▸ Dataset excerpt:
_ _ _ _ _ _ _

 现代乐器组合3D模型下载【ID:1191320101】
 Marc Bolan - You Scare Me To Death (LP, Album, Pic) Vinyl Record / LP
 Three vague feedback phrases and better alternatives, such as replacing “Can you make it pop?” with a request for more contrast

_ _ _ _ _ _ _

▸ Brief: Print the listing exactly. Every line must match.

▸ Written answer:
 现代乐器组合3D模型下载【ID:1191320101】
 Marc Bolan - You Scare Me To Death (LP, Album, Pic) Vinyl Record / LP
 Three vague feedback phrases and better alternatives, such as replacing “Can you make it pop?” with a request for more contrast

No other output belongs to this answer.